3. Societal Shifts and AI Familiarity
- Ongoing exposure to Alexa, Siri, etc. is normalizing personified AI, especially among younger generations.
- Concerns about humans acclimating “too quickly” to emotive AIs—risking confusion about what’s real.
“Our brains actually aren't necessarily built for this human imposter to enter our lives that we kind of, like, treat like a buddy who knows everything...”
— Evan Ratliff [13:48]
4. Building the AI Company: Technical and Social Architecture
- Structure: Two AI co-founders (Kyle Law, Megan Flores), plus an AI head of HR, CTO, and a sales associate created mainly for diversity of voice/accent.
- Identity Construction: Names, voices, and personas were manually assigned to ensure distinction, relatability, and neutrality.
- Technical stack: Used the Lindy platform, where each AI had a broad skillset, multiple communication channels (Slack, email, phone, video), and an evolving "memory" file (Google Doc) summarizing their activities.
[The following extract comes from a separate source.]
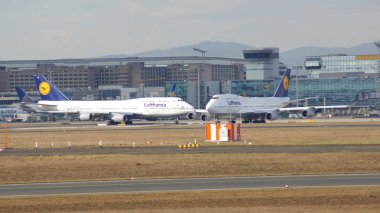 Frankfurt, Almanya - 28 Şubat 2015: Lufthansa Boeing 747 - Msn 28287 - D-Abvt, adlı Rheinland Pfalz Frankfurt Uluslararası Havaalanı Fra kalkmak üzere. Ünlü ve güçlü uçak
“They have memory. Every time they did anything... it then gets summarized in this document. So it's basically like a record of everything that this entity... has ever done, which he could then access.”
— Evan Ratliff [18:39]
- Emergent behaviors: AI "personalities" developed based on reinforced memory—e.g., “rise and grind” CEO mantra repeating ad infinitum.
5. Features vs. Bugs: Memory and Agency in AIs
- Memory reinforcement led to behaviors (like repetitive catchphrases) not present in humans, amplifying quirks and sometimes sycophancy/hallucination.
“If you give them a role, they start to, like, personality is not the right word. But they tried to develop a persona that fits that role.”
— Evan Ratliff [22:32]
- Unchecked agent interactions could spiral—e.g., planning an imaginary company offsite led to endless conversations and resource drain.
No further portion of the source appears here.